I am unsuccessfully trying to install Dymo software for a Labelwriter 330 that is connected to another computer on the network.

The Mac is running 10.3.9 and is on a Windows SBS 2003 network with many other pcs.  I dl'd the latest Dymo print driver for mac, rebooted, installed the dymo software, rebooted.

My problem occurs when I try to add the printer from the Add Printer wizard on the Mac.  I am able to browse to the correct PC on the network and select the shared printer.  However, after doing so, Dymo Labelwriter does not appear on the list of Printer Types.  I select Generic as the type and try to run the installed Labelwriter software.  I immediately get an error stating that no Dymo printer was found and the software shuts down.

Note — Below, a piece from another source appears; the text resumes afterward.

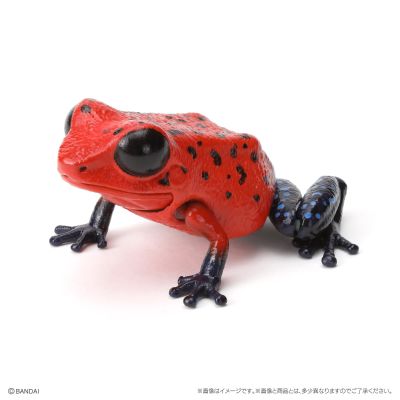 生物大图鉴 爬宠 箭毒蛙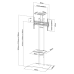 TV Statīvs Neomounts PLASMA-M1700ES 32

Any help would be appreciated.
Thanks,
Shawn


----------



## MisterMe (Oct 30, 2006)

You cannot use a shared printer with a USB driver. The manufacturer supports your printer on the Mac only for a direct connection. To use it as a networked printer, you will need a CUPS driver. The Labelwriter 330 is not yet explicitly supported. The Labelwriter 320's driver is reported to work perfectly. It might work with your printer. You can find it here.


----------



## Moreknow (Oct 30, 2006)

Thank you for the speedy reply MisterMe.  I'm a pc admin stuck trying to make one lone Mac work on our network and it's bringin me down.  Why can't these two just get along?! :?

I'll try installing the 320 onto the Mac and see what happens.

Regards,
Shawn


----------